DOYLESTOWN — The prime suspect in last year’s brutal slayings of four young men on a rural Bucks County farm will serve four consecutive life sentences in the case, while his cousin rejected a plea deal and faces the death penalty.
Cosmo DiNardo, 21, of Bensalem, entered a guilty plea Wednesday morning at a scheduled “miscellaneous hearing” before Bucks County President Judge Jeffrey L. Finley, admitting to the July 5 slaying of 19-year-old Jimi Taro Patrick, of Newtown, as well as the July 7 killings of Dean Finnochiaro, 19, of Middletown, Thomas Meo, 21, of Plumstead, and Mark Sturgis, 22, of Pennsburg.
Prosecutors accused DiNardo of luring the men to the farm in Solebury Township, telling them he would sell them marijuana, and instead robbing and killing the men before mutilating, burning and burying their bodies. Solebury is about 45 miles northeast of Philadelphia.
Attorneys for DiNardo’s cousin and co-defendant, Sean Kratz, 21, said earlier Wednesday they expected their client to plead guilty to third-degree murder in a deal that would land him in prison from 59 to 118 years. In court, however, he rejected the deal.
During the emotional two-hour hearing, Finley heard victim impact statements from a dozen family members of the four slain men, all of them expressing inconsolable grief at the loss of their young sons, brothers and nephews.
“You’re a perfect example of someone who started at the top and worked your way down to the gutter,” said Sturgis’s father, Mark Potash.
Potash labeled the grisly murders “thrill killings” and called DiNardo a “wannabe.”
“Your only way out of prison is wearing a toe tag and that’s the least we all deserve,” he said.
DiNardo’s attorney, Fortunato Perri, spoke to reporters as his client’s family filed out of the courtroom.
“As we can see through this situation, mental illness is real, mental illness is sad and sometimes it can be tragic,” he said.
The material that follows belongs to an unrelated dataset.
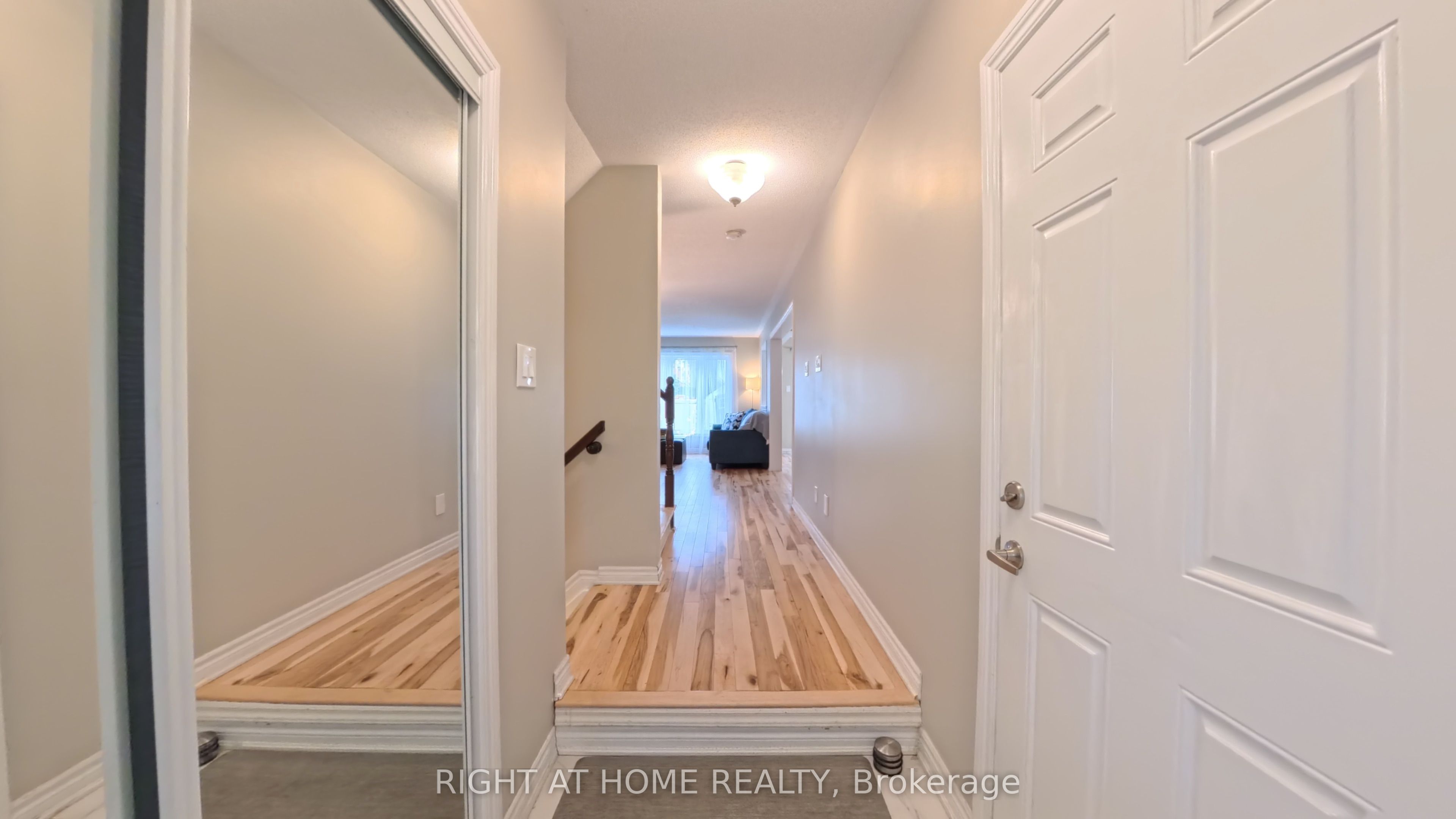 566 Dundonald Drive Property Photo 3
His co-counsel, Michael Parlow, said the case was “tragic for everybody,” noting that DiNardo too comes from a large and loving family.
First Assistant District Attorney Gregg Shore, after reading the deal in court, said his office would pursue the death penalty against Kratz.
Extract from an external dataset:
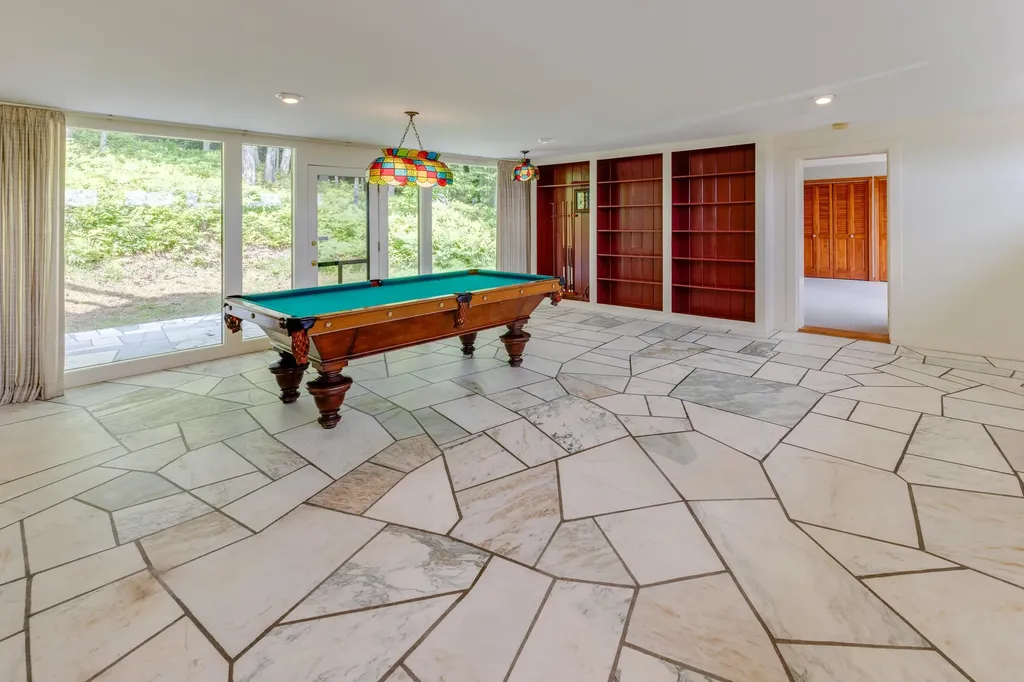 629 Dyke Road Sugar Hill NH 03586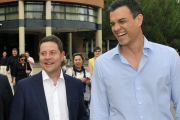 Pedro Sánchez y Emiliano García-Page, en un acto en Albacete.-EFE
His attorneys, Craig Penglase and Niels Eriksen, say Kratz, of Philadelphia, admitted to investigators late last month that he shot Finnochiaro inside a barn at the Solebury farm.
At the height of the investigation that put Bucks County in the national spotlight last summer, DiNardo struck a deal with prosecutors to avoid the death penalty in exchange for his cooperation and the location of Patrick’s body.